Your goal ▸
Your answer should consist solely of the lines from the first line of the data through the line with "A bedroom with a bed, a", each reproduced exactly.

Records contained in a dataset:
# # # # # # #
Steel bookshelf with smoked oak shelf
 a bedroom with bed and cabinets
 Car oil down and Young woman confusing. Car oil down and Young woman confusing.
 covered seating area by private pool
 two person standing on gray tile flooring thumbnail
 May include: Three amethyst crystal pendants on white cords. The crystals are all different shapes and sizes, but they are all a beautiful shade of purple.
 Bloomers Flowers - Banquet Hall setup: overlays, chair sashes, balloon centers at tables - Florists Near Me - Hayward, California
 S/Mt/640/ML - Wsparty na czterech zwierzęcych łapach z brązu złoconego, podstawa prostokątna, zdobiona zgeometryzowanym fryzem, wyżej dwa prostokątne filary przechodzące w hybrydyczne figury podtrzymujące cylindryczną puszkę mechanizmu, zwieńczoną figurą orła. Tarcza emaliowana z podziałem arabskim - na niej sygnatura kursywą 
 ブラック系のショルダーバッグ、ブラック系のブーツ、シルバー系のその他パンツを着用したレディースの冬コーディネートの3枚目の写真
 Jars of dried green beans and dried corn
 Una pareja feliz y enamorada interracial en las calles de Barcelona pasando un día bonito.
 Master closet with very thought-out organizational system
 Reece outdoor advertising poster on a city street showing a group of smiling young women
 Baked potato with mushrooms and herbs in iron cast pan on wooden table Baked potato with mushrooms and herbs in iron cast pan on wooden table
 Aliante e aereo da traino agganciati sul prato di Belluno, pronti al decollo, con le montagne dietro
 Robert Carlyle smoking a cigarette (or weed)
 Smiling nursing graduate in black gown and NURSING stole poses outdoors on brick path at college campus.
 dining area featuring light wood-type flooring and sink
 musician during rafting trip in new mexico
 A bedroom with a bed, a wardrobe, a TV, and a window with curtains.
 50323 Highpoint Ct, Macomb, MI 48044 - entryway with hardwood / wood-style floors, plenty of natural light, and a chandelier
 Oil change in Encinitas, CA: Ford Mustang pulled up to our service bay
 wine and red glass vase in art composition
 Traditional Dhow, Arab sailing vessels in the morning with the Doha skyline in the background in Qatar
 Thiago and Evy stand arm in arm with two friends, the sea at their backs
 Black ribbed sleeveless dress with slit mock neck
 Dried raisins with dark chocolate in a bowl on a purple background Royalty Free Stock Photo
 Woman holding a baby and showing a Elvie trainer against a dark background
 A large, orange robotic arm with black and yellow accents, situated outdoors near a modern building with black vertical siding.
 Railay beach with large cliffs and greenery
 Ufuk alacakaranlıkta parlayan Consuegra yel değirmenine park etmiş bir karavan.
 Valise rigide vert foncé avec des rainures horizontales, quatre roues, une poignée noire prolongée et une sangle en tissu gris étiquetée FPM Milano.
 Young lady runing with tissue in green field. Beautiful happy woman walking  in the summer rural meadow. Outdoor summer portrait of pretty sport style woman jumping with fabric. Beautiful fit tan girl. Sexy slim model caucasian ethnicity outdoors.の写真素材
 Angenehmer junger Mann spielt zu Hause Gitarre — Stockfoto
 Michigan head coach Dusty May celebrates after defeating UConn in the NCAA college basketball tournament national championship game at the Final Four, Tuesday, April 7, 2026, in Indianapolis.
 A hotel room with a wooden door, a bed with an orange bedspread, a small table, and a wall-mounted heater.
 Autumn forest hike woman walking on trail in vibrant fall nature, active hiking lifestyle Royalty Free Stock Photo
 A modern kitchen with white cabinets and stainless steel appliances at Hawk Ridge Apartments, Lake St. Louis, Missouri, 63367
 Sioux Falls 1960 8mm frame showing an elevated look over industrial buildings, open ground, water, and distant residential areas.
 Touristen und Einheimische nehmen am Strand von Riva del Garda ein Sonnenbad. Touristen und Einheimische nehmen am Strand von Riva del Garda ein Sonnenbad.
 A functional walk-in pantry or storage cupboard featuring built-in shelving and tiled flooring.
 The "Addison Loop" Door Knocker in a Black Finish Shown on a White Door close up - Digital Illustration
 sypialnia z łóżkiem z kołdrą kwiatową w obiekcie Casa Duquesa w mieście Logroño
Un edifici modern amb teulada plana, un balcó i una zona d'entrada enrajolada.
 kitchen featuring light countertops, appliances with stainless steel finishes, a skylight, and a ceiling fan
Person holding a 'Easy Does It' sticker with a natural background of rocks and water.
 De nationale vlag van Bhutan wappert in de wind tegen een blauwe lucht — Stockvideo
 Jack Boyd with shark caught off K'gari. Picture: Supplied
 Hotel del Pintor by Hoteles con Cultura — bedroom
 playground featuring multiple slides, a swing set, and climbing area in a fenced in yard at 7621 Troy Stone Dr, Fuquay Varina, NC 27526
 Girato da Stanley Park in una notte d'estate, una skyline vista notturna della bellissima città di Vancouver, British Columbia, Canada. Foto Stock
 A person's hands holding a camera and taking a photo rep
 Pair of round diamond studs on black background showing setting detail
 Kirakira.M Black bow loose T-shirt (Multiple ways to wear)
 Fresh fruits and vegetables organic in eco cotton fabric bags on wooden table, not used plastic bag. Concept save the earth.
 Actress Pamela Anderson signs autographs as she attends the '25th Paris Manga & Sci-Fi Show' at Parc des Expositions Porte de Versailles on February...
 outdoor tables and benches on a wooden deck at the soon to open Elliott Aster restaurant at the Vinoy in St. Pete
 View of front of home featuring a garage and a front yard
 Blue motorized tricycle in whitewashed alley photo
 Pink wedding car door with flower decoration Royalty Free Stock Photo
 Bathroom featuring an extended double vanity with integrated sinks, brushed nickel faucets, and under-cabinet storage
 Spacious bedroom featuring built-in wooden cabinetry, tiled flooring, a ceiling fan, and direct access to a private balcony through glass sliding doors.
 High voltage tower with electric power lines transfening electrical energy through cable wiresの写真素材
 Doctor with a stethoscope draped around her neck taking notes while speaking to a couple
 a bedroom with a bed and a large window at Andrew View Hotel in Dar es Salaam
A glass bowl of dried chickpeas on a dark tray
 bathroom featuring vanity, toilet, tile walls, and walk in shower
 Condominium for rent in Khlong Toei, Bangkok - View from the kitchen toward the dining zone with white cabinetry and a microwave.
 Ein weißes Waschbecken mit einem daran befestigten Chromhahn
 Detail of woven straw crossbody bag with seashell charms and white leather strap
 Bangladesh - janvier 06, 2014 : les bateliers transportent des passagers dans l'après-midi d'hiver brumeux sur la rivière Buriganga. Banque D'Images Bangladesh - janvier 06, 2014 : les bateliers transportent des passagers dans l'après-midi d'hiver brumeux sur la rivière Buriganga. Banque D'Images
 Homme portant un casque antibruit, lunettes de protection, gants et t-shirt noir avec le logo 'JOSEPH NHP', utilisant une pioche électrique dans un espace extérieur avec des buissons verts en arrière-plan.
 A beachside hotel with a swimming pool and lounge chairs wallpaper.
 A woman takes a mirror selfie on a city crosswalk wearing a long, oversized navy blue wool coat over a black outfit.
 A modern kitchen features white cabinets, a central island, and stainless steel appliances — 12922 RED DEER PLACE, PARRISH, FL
# # # # # # #
Output below ▸
Steel bookshelf with smoked oak shelf
 a bedroom with bed and cabinets
 Car oil down and Young woman confusing. Car oil down and Young woman confusing.
 covered seating area by private pool
 two person standing on gray tile flooring thumbnail
 May include: Three amethyst crystal pendants on white cords. The crystals are all different shapes and sizes, but they are all a beautiful shade of purple.
 Bloomers Flowers - Banquet Hall setup: overlays, chair sashes, balloon centers at tables - Florists Near Me - Hayward, California
 S/Mt/640/ML - Wsparty na czterech zwierzęcych łapach z brązu złoconego, podstawa prostokątna, zdobiona zgeometryzowanym fryzem, wyżej dwa prostokątne filary przechodzące w hybrydyczne figury podtrzymujące cylindryczną puszkę mechanizmu, zwieńczoną figurą orła. Tarcza emaliowana z podziałem arabskim - na niej sygnatura kursywą 
 ブラック系のショルダーバッグ、ブラック系のブーツ、シルバー系のその他パンツを着用したレディースの冬コーディネートの3枚目の写真
 Jars of dried green beans and dried corn
 Una pareja feliz y enamorada interracial en las calles de Barcelona pasando un día bonito.
 Master closet with very thought-out organizational system
 Reece outdoor advertising poster on a city street showing a group of smiling young women
 Baked potato with mushrooms and herbs in iron cast pan on wooden table Baked potato with mushrooms and herbs in iron cast pan on wooden table
 Aliante e aereo da traino agganciati sul prato di Belluno, pronti al decollo, con le montagne dietro
 Robert Carlyle smoking a cigarette (or weed)
 Smiling nursing graduate in black gown and NURSING stole poses outdoors on brick path at college campus.
 dining area featuring light wood-type flooring and sink
 musician during rafting trip in new mexico
 A bedroom with a bed, a wardrobe, a TV, and a window with curtains.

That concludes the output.